* [PATCH] uprobes: Add mem_cgroup_charge_anon() into uprobe_write_opcode()
@ 2014-05-05 15:13 Oleg Nesterov
2014-05-19 12:41 ` Michal Hocko
2014-05-21 10:05 ` Srikar Dronamraju
0 siblings, 2 replies; 4+ messages in thread
From: Oleg Nesterov @ 2014-05-05 15:13 UTC (permalink / raw)
To: Ingo Molnar, Srikar Dronamraju
Cc: Ananth N Mavinakayanahalli, David Long, Hugh Dickins,
Michal Hocko, linux-kernel
Hugh says:
The one I noticed was that it forgets all about memcg (because
it was copied from KSM, and there the replacement page has already
been charged to a memcg). See how mm/memory.c do_anonymous_page()
does a mem_cgroup_charge_anon().
Hopefully not a big problem, uprobes is a system-wide thing and only
root can insert the probes. But I agree, should be fixed anyway.
Add mem_cgroup_{un,}charge_anon() into uprobe_write_opcode(). To simplify
the error handling (and avoid the new "uncharge" label) the patch also
moves anon_vma_prepare() up before we alloc/charge the new page.
While at it fix the comment about ->mmap_sem, it is held for write.
Suggested-by: Hugh Dickins <hughd@google.com>
Signed-off-by: Oleg Nesterov <oleg@redhat.com>
---
kernel/events/uprobes.c | 23 +++++++++++------------
1 files changed, 11 insertions(+), 12 deletions(-)
diff --git a/kernel/events/uprobes.c b/kernel/events/uprobes.c
index 7716c40..a13251e 100644
--- a/kernel/events/uprobes.c
+++ b/kernel/events/uprobes.c
@@ -279,18 +279,13 @@ static int verify_opcode(struct page *page, unsigned long vaddr, uprobe_opcode_t
* supported by that architecture then we need to modify is_trap_at_addr and
* uprobe_write_opcode accordingly. This would never be a problem for archs
* that have fixed length instructions.
- */
-
-/*
+ *
* uprobe_write_opcode - write the opcode at a given virtual address.

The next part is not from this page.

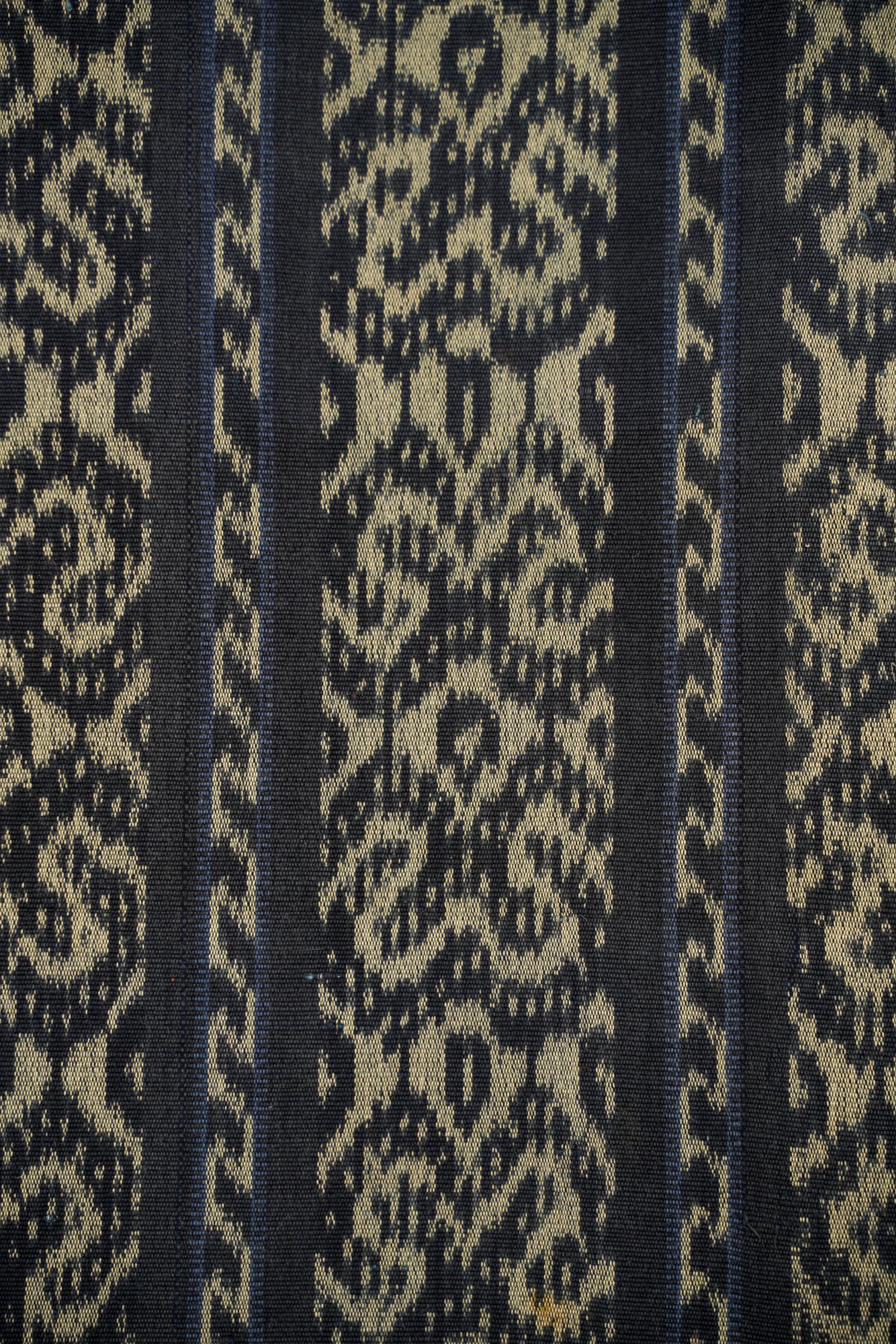 Vintage Indonesian Ikat Textile 6'9" x 3'9"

* @mm: the probed process address space.
* @vaddr: the virtual address to store the opcode.
* @opcode: opcode to be written at @vaddr.
*
- * Called with mm->mmap_sem held (for read and with a reference to
- * mm).
- *
- * For mm @mm, write the opcode at @vaddr.
+ * Called with mm->mmap_sem held for write.
* Return 0 (success) or a negative errno.
*/
int uprobe_write_opcode(struct mm_struct *mm, unsigned long vaddr,
@@ -310,21 +305,25 @@ retry:
if (ret <= 0)
goto put_old;
+ ret = anon_vma_prepare(vma);
+ if (ret)
+ goto put_old;
+
ret = -ENOMEM;
new_page = alloc_page_vma(GFP_HIGHUSER_MOVABLE, vma, vaddr);
if (!new_page)
goto put_old;
- __SetPageUptodate(new_page);
+ if (mem_cgroup_charge_anon(new_page, mm, GFP_KERNEL))
+ goto put_new;
+ __SetPageUptodate(new_page);
copy_highpage(new_page, old_page);
copy_to_page(new_page, vaddr, &opcode, UPROBE_SWBP_INSN_SIZE);
- ret = anon_vma_prepare(vma);
- if (ret)
- goto put_new;
-
ret = __replace_page(vma, vaddr, old_page, new_page);
+ if (ret)
+ mem_cgroup_uncharge_page(new_page);
put_new:
page_cache_release(new_page);
--
1.5.5.1
^ permalink raw reply related [flat|nested] 4+ messages in thread* Re: [PATCH] uprobes: Add mem_cgroup_charge_anon() into uprobe_write_opcode()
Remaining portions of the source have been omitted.